▸ Exercise goal
Please repeat word for word the line containing "Handle loop detail" and every following line up to and including the last one below, pictures excluded.

▸ Source data
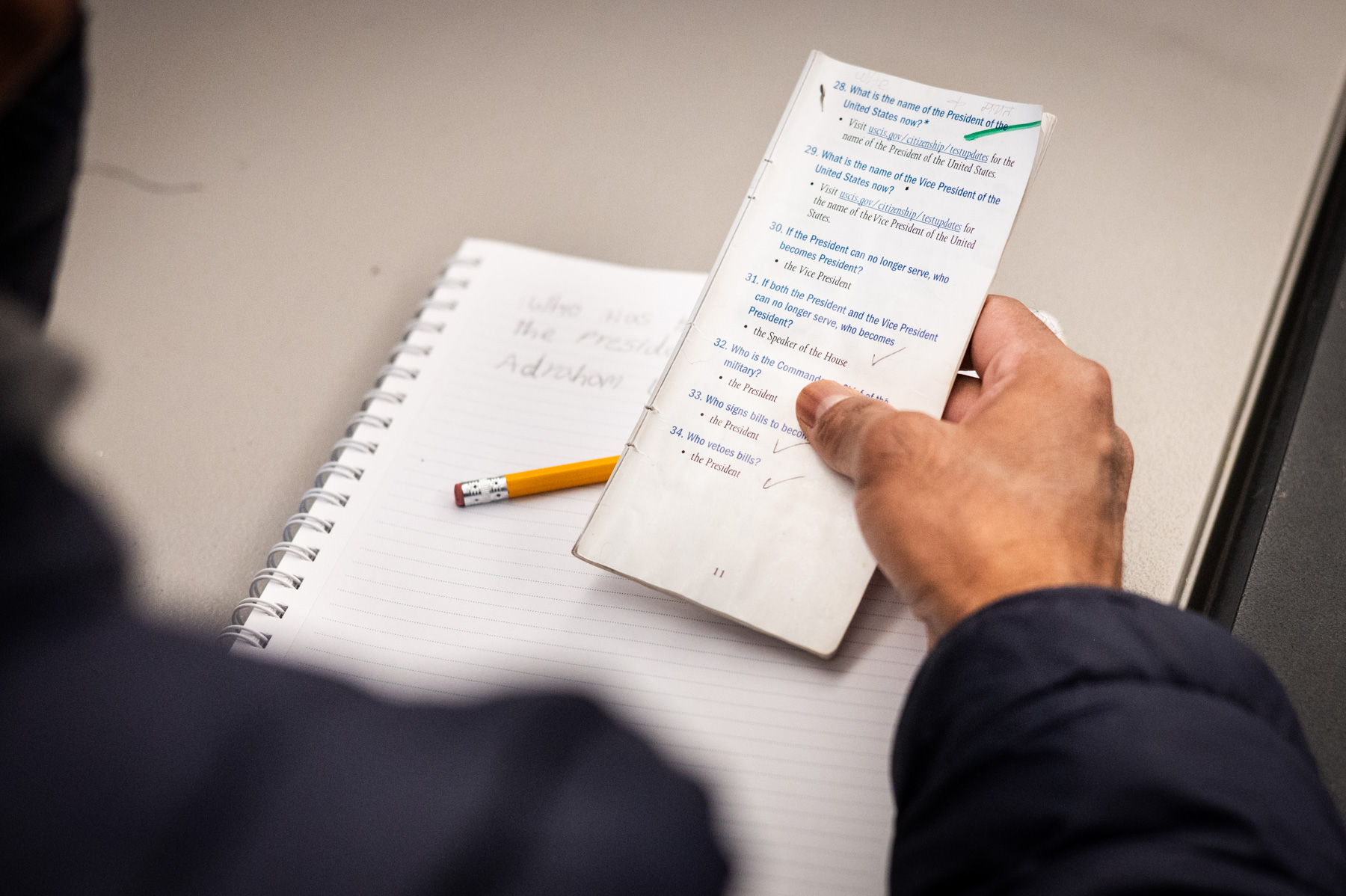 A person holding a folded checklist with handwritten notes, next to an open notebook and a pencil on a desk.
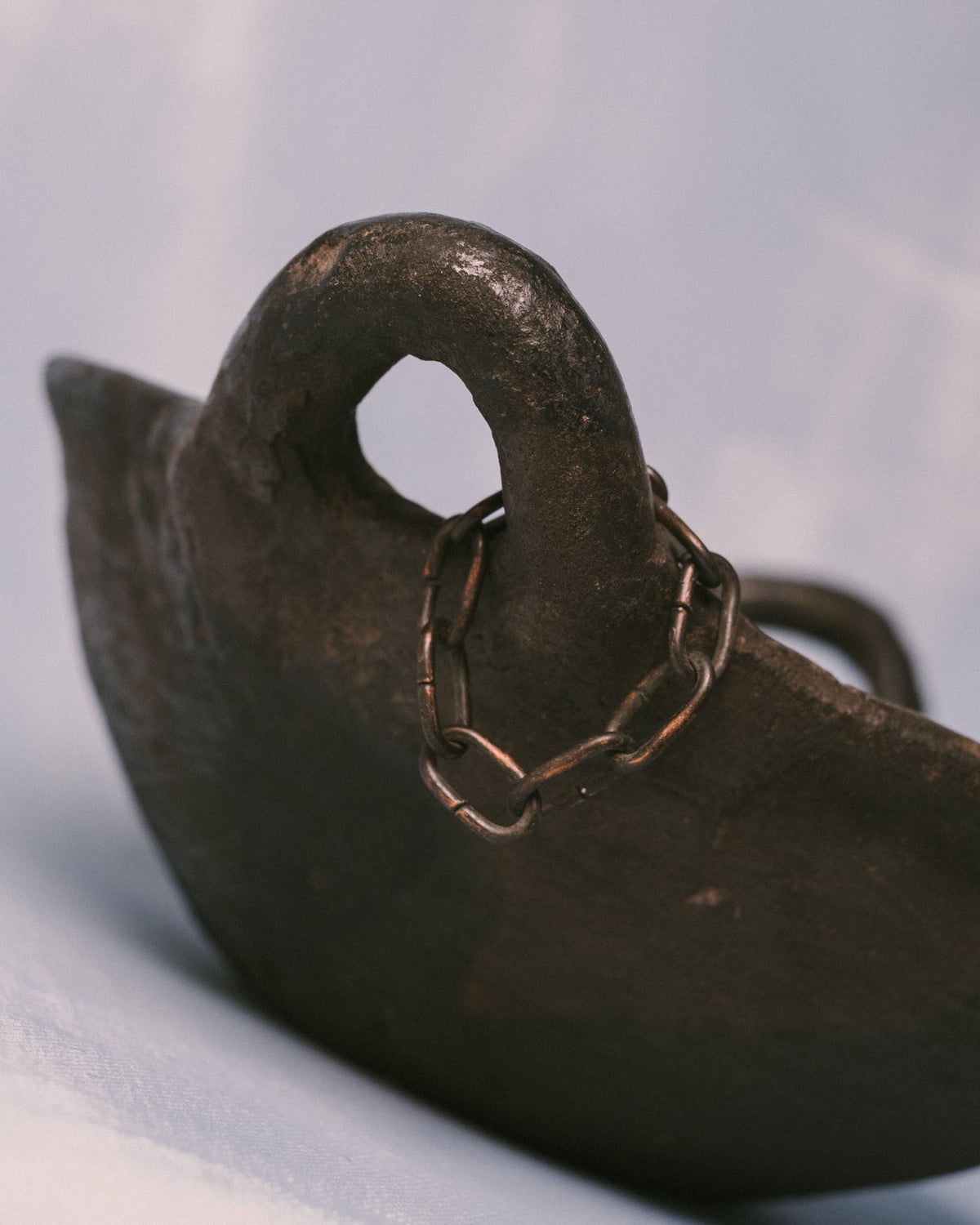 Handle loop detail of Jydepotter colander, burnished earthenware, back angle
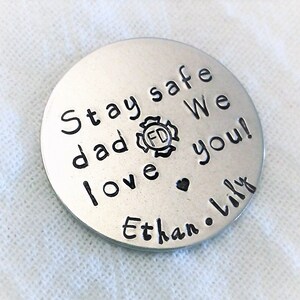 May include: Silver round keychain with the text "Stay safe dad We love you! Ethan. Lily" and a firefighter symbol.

▸ Answer for this exercise
 Handle loop detail of Jydepotter colander, burnished earthenware, back angle
 May include: Silver round keychain with the text "Stay safe dad We love you! Ethan. Lily" and a firefighter symbol.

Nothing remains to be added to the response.